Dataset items
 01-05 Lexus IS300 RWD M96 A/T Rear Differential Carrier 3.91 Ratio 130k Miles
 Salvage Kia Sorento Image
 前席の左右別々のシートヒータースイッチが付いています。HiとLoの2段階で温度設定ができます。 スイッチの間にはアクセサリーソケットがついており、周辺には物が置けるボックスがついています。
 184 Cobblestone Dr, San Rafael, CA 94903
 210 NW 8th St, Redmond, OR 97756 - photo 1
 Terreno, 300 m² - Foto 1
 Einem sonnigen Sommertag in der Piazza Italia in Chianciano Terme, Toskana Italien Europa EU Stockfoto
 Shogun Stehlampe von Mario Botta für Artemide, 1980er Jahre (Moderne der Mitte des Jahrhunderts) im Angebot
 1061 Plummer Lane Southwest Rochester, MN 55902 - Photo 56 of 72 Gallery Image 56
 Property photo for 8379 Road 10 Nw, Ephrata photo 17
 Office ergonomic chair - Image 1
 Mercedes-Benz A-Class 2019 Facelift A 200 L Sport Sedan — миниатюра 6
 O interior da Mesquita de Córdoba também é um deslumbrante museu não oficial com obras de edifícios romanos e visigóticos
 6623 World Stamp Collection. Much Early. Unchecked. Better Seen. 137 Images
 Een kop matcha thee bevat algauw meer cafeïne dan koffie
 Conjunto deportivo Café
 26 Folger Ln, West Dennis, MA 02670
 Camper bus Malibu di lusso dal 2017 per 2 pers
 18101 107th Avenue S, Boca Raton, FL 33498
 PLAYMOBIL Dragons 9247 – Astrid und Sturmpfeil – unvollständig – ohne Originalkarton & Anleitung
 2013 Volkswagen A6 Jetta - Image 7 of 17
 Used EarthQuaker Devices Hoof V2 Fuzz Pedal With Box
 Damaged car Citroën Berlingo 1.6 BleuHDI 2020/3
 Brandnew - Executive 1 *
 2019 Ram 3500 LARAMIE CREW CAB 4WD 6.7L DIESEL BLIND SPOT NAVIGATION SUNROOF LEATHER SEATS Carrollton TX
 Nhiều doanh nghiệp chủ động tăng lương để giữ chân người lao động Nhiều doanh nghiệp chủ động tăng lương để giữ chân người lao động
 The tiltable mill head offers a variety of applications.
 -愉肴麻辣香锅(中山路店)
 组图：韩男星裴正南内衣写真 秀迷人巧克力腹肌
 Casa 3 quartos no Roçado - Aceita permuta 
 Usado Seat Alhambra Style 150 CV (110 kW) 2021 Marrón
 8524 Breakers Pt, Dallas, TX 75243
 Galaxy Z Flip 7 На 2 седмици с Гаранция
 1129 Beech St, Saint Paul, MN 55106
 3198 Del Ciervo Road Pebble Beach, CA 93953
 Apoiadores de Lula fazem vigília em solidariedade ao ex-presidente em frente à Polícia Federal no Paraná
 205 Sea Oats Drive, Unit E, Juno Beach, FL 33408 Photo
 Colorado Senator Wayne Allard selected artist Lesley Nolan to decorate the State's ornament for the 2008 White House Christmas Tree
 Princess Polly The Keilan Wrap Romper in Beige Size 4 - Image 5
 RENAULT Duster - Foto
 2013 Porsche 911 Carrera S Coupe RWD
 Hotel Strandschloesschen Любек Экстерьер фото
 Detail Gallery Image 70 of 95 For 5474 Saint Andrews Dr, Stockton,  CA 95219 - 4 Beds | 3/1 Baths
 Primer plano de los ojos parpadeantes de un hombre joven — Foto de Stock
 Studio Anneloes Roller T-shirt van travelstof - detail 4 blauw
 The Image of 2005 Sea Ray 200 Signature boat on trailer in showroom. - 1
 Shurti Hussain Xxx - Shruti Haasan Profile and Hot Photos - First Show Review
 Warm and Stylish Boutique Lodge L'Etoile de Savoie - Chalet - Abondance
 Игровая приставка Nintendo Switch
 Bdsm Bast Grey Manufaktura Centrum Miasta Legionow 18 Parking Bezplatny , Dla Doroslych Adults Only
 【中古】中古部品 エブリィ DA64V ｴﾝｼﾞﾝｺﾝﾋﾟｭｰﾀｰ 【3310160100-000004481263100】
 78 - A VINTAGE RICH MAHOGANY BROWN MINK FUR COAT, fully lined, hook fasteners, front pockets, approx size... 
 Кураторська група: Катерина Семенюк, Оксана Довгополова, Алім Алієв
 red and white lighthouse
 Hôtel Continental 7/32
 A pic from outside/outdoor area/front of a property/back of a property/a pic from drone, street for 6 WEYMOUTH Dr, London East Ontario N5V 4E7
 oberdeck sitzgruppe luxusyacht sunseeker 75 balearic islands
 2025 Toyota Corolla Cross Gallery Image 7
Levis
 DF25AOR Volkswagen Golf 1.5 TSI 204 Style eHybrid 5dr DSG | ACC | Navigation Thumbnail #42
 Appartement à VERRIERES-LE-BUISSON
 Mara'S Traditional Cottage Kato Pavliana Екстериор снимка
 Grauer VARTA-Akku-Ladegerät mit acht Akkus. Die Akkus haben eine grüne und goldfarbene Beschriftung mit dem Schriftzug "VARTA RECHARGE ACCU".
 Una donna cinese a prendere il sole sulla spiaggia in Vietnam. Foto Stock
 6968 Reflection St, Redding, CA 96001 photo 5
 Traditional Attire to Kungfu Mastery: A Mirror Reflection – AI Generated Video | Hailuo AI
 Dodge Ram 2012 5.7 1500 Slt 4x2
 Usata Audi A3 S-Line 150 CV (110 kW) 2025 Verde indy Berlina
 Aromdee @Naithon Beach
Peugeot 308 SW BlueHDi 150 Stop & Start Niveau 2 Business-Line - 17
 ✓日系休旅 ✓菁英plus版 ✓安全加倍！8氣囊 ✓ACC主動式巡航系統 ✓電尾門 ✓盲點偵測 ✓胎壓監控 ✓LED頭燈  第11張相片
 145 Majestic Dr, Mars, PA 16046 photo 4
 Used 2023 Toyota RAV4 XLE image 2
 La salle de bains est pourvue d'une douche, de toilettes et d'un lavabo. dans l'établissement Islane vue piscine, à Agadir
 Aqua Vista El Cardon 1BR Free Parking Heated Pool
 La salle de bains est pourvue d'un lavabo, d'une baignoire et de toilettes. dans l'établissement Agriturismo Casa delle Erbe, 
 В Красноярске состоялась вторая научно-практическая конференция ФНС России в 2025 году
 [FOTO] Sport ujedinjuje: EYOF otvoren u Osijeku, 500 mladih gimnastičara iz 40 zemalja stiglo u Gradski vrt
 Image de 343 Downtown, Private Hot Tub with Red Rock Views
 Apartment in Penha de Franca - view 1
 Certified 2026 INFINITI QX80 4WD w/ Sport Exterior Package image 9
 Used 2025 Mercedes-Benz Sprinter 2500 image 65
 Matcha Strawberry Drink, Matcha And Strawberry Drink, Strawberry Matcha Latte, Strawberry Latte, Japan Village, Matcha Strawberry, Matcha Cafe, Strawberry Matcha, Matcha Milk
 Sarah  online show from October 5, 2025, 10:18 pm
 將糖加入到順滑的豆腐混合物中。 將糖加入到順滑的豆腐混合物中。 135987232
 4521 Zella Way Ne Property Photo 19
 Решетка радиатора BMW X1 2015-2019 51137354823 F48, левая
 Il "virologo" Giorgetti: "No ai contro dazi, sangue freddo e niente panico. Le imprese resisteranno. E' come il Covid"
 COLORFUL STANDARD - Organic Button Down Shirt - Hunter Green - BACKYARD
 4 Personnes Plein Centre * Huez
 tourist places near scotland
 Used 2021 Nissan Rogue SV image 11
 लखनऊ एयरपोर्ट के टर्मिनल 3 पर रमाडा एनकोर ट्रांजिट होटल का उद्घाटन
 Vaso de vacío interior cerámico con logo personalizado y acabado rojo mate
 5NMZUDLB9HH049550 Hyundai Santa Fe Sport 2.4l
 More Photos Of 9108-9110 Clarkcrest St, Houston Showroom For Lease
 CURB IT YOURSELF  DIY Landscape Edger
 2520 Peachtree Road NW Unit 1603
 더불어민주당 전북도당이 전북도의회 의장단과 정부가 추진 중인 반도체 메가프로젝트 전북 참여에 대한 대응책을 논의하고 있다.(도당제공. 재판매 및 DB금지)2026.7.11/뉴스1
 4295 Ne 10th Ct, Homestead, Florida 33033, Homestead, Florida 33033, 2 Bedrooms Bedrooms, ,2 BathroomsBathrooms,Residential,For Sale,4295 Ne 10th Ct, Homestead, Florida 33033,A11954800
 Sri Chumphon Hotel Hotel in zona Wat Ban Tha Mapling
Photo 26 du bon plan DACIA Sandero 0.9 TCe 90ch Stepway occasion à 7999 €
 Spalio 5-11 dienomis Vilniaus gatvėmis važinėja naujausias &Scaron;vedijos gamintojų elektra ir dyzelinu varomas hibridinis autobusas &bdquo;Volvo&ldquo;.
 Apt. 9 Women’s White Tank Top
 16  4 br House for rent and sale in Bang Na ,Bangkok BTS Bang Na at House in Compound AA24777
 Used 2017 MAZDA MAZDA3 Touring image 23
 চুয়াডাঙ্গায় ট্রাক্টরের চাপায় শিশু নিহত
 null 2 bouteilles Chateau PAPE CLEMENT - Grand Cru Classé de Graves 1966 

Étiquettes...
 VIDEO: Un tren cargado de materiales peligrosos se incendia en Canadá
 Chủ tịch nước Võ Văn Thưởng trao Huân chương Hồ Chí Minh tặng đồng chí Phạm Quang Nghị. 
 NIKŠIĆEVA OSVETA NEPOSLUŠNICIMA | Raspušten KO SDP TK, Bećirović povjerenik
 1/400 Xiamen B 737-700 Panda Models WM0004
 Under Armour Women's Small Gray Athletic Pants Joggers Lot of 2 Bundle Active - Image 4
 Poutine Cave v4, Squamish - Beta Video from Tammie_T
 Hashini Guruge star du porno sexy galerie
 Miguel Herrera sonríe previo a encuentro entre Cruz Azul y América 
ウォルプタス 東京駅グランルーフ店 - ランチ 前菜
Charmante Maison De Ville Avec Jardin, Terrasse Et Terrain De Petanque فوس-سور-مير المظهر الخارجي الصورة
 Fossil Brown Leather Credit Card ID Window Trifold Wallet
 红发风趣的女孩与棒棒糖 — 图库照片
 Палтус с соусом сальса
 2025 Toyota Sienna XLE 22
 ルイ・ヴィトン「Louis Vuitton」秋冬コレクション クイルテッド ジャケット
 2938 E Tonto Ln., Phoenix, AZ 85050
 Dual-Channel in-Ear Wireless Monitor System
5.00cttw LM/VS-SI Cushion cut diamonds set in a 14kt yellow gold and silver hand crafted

• [Your objective] The answer is the lines above between the line holding "2520 Peachtree Road NW Unit 1603" and the line holding "더불어민주당 전북도당이 전북도의회", inclusive, each written out exactly, and no others.

• [Expected answer]
 2520 Peachtree Road NW Unit 1603
 더불어민주당 전북도당이 전북도의회 의장단과 정부가 추진 중인 반도체 메가프로젝트 전북 참여에 대한 대응책을 논의하고 있다.(도당제공. 재판매 및 DB금지)2026.7.11/뉴스1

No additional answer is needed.